◆ **What the task requires**
Determine how many lines in the entries below hold "Women". Respond with that number only.

◆ **Entries supplied**
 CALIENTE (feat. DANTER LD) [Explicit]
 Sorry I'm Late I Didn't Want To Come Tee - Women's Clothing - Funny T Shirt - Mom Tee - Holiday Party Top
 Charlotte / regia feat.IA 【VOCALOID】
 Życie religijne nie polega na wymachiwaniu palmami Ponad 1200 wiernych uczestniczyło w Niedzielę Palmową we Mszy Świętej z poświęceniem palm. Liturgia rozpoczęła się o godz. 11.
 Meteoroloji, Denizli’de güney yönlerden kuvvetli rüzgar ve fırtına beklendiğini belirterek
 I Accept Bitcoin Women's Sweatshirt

==

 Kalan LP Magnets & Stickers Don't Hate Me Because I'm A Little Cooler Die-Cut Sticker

...

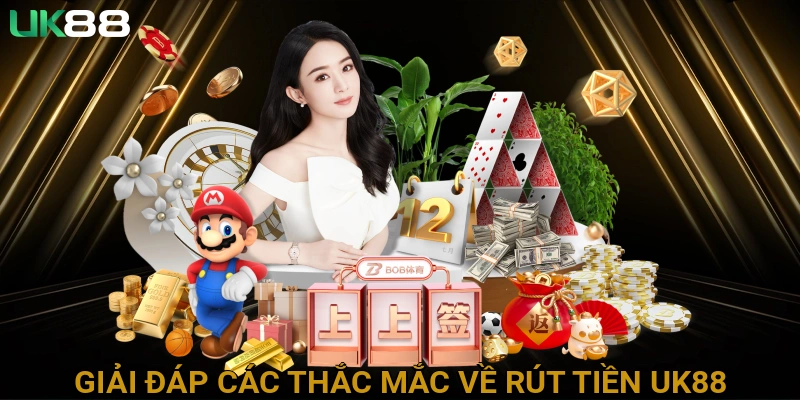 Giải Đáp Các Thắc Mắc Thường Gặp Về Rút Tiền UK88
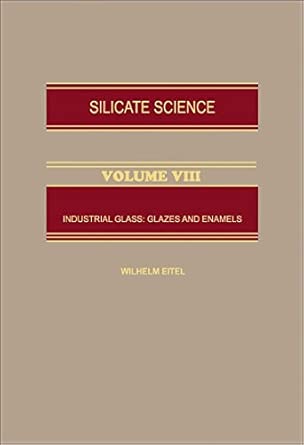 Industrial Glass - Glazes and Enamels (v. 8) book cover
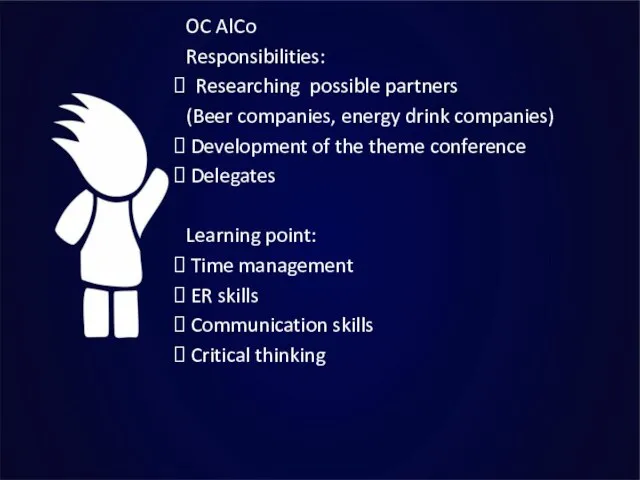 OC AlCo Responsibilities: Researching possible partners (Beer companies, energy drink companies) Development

◆ **Your response**
2